On this day 250 years ago fifty miles east of Cape Ann, Nova Scotia, the British ship Elizabeth was captured by the American ship Hancock and two other privateers after a brief fight. In addition to the ship and its captain and crew, the privateers captured 13 British soldiers, 46 Loyalists, four people who were enslaved by the Loyalists, and the Elizabeth’s cargo. From the privateers’ perspective the most valuable part of the capture was a large store of rum, but the cargo also included eighteen full barrels of flour and essentially all the cloth and linen in Boston.
As part of his departure plans, General Howe had ordered that cloth and linen be seized from Boston merchants so they would not be used for uniforms for the Continental Army. In the days prior to their departure from Boston, Crean Brush and four other Loyalists on board the Elizabeth, had with the backing of British troops seized: from merchant Samuel Dashwood, nine large trunks and two large chests of silks and cloth “with great force and violence” and at “terror of myself and family” from their threat that “if any person should presume to interrupt . . . they would thrust their bayonets into such a person”; “the Value of Twenty Two hundred & Sixty Pounds Sterling . . . in Linens, Checks & Woolens”; from merchant John Rowe; and additional clothing goods from merchants Samuel Austin, Cyrus Baldwin, John Barrett, Samuel Partridge, and John Scollay. Crean Brush was already wanted in both Vermont and New York for outrages against Patriots and he would end up imprisoned for almost two years years for stealing these goods and other crimes.
Source: Eric Wiser, “Hell’s Half-Acre: The Fall of Loyalist Crean Bush”, Journal of the American Revolution (Jan. 19. 2022) accessed at
On this day 250 years ago, in one of his final acts at his headquarters in Cambridge, Massachusetts, General Washington issued orders to most of his command to march the New York as the expected next target of the British fleet that departed Boston. He left only “four or five regiments” behind under the command of Major General Artemas Ward to guard against a return of the British to Boston or elsewhere in New England.
Sources: “George Washington to Major General Artemas Ward, 29 March 1776,” Founders Online, National Archives, https://founders.archives.gov/documents/Washington/03-03-02-0422. [Original source: The Papers of George Washington, Revolutionary War Series, vol. 3, 1 January 1776 – 31 March 1776, ed.
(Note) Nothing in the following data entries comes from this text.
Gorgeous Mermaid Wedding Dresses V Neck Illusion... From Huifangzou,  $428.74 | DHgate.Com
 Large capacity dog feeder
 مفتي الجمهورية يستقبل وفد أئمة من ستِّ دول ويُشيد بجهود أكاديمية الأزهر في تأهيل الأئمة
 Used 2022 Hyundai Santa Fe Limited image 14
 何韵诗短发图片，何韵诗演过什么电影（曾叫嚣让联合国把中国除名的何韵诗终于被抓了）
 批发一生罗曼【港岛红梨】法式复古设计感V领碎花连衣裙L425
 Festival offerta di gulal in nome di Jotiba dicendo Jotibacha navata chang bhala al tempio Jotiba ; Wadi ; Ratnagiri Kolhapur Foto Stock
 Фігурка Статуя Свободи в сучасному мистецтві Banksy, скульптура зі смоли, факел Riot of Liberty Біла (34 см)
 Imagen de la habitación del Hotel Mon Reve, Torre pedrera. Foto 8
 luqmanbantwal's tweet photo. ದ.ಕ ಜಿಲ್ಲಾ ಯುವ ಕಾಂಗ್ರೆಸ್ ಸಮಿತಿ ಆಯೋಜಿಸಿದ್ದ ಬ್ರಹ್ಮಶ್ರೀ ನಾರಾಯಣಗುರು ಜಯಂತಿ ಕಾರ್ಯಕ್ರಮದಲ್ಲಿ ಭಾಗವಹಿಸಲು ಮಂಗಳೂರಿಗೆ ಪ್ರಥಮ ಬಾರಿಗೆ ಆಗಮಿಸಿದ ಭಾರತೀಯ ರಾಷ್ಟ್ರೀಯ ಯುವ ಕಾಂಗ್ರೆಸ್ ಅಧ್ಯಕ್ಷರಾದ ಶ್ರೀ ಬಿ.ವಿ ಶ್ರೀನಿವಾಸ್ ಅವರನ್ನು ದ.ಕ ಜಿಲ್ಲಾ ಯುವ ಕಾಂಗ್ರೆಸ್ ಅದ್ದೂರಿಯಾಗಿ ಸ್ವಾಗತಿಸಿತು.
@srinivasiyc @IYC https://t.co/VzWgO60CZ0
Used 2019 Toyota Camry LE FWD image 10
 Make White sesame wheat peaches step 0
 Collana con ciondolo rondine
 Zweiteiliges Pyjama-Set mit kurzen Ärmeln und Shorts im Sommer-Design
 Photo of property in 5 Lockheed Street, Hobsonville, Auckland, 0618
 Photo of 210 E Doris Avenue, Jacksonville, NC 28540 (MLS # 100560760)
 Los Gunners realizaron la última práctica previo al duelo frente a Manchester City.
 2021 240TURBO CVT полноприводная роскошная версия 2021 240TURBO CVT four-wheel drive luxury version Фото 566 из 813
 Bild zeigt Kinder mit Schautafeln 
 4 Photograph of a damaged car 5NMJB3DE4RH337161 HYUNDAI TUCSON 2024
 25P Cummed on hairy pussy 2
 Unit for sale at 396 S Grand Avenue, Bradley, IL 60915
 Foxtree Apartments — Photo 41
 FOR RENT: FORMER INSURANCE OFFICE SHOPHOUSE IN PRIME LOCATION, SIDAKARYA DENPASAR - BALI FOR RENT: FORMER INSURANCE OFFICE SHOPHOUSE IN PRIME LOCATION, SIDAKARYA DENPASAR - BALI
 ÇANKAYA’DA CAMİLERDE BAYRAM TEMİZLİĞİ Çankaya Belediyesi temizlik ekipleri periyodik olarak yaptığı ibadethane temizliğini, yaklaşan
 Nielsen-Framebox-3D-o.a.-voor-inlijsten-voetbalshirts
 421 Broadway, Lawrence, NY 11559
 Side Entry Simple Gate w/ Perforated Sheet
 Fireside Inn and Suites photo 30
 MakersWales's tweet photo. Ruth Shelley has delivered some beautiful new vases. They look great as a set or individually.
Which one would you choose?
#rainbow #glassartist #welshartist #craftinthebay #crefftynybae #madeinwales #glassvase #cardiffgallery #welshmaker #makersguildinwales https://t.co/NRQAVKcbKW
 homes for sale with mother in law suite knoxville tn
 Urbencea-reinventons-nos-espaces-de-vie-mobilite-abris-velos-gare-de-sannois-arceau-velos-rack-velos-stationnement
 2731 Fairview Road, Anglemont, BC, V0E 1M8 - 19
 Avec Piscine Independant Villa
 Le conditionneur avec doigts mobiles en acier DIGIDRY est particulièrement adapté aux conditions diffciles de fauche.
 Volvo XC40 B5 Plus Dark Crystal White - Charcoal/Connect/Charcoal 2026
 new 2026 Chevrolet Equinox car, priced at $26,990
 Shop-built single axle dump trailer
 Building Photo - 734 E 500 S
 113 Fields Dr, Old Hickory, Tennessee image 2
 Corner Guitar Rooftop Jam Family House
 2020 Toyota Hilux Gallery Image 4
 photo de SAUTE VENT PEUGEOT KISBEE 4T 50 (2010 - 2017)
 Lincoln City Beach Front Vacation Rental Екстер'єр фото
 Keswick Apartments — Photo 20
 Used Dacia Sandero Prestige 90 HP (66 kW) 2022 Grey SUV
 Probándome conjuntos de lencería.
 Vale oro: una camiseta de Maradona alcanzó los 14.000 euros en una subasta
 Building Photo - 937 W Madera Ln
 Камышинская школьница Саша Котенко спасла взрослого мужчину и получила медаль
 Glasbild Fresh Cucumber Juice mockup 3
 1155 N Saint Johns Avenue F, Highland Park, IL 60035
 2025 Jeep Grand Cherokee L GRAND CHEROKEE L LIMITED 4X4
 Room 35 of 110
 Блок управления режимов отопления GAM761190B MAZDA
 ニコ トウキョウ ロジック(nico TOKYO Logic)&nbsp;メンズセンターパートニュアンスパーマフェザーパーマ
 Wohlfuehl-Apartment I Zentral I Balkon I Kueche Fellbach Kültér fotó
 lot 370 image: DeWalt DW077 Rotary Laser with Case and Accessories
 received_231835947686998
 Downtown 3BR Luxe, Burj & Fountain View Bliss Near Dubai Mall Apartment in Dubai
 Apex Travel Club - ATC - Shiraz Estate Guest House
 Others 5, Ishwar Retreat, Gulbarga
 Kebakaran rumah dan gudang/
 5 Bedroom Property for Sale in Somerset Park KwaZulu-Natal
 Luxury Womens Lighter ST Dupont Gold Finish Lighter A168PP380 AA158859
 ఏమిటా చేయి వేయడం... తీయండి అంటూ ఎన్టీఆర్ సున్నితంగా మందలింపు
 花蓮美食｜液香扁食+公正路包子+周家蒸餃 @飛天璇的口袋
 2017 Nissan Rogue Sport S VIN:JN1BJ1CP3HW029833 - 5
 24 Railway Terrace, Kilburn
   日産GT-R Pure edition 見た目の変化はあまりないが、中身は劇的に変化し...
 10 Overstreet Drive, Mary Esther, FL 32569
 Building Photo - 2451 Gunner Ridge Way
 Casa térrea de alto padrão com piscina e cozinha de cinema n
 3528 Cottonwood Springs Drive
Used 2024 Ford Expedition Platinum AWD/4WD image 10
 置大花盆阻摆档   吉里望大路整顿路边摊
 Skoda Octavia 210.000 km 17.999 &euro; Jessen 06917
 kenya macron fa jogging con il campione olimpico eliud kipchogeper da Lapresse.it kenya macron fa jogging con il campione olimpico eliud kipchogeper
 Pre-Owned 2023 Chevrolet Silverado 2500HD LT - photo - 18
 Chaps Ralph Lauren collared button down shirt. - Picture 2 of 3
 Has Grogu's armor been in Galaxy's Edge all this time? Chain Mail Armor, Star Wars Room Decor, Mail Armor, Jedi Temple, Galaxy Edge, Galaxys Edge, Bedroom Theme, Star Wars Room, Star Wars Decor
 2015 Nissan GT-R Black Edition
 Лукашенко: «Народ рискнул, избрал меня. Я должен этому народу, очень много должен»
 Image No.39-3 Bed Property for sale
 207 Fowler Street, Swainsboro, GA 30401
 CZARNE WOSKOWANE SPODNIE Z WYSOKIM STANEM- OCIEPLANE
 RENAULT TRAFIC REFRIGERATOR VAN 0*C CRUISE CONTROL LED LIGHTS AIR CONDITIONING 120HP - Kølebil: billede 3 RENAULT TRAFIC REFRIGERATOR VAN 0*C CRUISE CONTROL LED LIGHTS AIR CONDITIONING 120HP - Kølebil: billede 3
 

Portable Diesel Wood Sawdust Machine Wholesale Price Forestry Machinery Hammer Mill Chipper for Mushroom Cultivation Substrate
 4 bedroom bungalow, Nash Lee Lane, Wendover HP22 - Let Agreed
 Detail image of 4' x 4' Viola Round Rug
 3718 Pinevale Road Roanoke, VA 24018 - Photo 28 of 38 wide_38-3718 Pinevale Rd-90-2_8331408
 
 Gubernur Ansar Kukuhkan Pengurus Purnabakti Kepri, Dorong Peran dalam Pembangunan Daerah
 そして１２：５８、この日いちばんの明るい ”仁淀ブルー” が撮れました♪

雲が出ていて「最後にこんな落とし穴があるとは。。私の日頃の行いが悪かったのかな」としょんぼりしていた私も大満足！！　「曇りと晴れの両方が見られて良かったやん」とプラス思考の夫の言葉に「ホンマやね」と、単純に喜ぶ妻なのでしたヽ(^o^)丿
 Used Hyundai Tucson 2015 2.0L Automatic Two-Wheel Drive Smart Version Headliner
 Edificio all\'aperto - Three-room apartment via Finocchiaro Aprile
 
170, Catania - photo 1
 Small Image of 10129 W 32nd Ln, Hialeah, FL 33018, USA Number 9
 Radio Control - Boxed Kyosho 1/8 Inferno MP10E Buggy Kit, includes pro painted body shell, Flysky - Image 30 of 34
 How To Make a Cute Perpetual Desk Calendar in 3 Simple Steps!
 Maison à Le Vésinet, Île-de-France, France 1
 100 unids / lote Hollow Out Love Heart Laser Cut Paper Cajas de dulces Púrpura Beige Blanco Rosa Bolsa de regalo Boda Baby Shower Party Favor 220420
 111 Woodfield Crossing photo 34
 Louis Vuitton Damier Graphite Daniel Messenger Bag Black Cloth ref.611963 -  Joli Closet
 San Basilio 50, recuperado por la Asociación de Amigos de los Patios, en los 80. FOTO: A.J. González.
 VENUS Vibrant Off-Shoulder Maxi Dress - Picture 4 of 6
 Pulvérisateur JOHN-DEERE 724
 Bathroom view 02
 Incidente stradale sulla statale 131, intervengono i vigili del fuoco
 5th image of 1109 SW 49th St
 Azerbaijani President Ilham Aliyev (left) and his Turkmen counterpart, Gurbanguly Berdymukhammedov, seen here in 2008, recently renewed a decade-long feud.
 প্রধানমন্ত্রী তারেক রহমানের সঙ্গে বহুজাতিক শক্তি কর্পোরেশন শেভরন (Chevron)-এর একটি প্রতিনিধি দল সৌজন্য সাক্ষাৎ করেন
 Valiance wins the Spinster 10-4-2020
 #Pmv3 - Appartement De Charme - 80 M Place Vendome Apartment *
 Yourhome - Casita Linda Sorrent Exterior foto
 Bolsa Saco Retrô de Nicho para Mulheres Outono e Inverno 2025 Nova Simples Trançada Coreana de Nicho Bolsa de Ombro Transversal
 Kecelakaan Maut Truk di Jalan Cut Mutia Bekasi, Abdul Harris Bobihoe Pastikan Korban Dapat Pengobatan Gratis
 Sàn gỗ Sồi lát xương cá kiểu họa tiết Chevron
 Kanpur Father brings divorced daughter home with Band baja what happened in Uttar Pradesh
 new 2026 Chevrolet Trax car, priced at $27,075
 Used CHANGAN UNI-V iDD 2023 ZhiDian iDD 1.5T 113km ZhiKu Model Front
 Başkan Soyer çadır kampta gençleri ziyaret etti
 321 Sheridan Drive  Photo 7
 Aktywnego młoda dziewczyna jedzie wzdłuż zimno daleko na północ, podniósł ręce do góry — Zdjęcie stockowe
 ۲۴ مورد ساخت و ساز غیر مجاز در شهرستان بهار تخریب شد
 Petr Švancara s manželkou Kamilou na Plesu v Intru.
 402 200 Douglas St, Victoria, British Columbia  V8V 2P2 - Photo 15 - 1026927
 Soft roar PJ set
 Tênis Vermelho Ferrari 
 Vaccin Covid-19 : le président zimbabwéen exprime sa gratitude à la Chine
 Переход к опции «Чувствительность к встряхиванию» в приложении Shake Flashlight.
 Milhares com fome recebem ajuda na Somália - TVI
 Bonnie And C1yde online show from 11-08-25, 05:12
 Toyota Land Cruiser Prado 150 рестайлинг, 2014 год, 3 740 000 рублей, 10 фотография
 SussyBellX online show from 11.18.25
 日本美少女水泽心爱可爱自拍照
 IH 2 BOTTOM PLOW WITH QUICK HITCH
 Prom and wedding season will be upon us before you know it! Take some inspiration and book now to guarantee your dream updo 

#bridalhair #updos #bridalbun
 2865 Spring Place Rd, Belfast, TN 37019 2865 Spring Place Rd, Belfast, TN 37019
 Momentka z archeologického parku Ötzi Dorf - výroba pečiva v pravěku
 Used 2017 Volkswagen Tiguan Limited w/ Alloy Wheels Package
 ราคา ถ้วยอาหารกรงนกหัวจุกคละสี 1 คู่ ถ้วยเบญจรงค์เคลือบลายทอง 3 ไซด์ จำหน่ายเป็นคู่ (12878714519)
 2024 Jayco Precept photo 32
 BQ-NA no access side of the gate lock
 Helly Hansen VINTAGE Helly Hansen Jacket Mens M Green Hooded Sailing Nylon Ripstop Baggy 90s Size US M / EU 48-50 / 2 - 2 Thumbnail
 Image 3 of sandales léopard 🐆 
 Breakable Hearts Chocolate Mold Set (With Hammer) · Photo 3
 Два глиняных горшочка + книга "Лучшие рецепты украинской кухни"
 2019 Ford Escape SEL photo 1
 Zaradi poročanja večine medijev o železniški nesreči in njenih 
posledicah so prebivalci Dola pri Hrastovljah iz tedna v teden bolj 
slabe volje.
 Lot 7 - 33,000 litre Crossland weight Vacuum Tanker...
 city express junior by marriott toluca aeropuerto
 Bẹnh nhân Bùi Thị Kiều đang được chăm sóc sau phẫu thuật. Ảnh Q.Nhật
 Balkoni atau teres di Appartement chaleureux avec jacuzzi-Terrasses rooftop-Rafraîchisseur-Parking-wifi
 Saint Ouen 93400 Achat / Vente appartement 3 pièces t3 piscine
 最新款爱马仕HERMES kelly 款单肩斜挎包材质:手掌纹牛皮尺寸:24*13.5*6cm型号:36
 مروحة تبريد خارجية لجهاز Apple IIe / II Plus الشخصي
Philander D. Chase. Charlottesville: University Press of Virginia, 1988, p. 561.]; “Orders and Instructions for Major General Israel Putnam, 29 March 1776,” Founders Online, National Archives, https://founders.archives.gov/documents/Washington/03-03-02-0421. [Original source: The Papers of George Washington, Revolutionary War Series, vol. 3, 1 January 1776 – 31 March 1776, ed. Philander D. Chase. Charlottesville: University Press of Virginia, 1988, pp. 560–561.]; “General Orders, 29 March 1776,” Founders Online, National Archives, https://founders.archives.gov/documents/Washington/03-03-02-0420. [Original source: The Papers of George Washington, Revolutionary War Series, vol. 3, 1 January 1776 – 31 March 1776, ed. Philander D. Chase. Charlottesville: University Press of Virginia, 1988, pp. 559–560.]
Also on that day in Philadelphia, John Adams wrote to his wife Abigail Adams of the death of his friend and Delegate from Rhode Island, Samuel Ward:
We have this Week lost a very valuable Friend of the Colonies, in Governor Ward of Rhode Island, by the small Pox in the natural Way. He never would hearken to his Friends who have been constantly advising him to be inoculated ever since the first Congress began. But he would not be perswaded. Numbers, who have been inoculated, have gone through the Distemper, without any Danger, or even Confinement, but nothing would do.—He must take it in the natural Way and die.
I hope that Americans today will join John Adams in remembering Samuel Ward as “a stedfast Friend to his Country upon very pure Principles.” But unlike Ward, I hope that they will be persuaded by Adams’ advice to be vaccinated rather than risk contracting “the small Pox . . . in the natural Way and die.”
Source: “John Adams to Abigail Adams, 29 March 1776,” Founders Online, National Archives, https://founders.archives.gov/documents/Adams/04-01-02-0238. [Original source: The Adams Papers, Adams Family Correspondence, vol. 1, December 1761 – May 1776, ed. Lyman H. Butterfield. Cambridge, MA: Harvard University Press, 1963, p. 366.]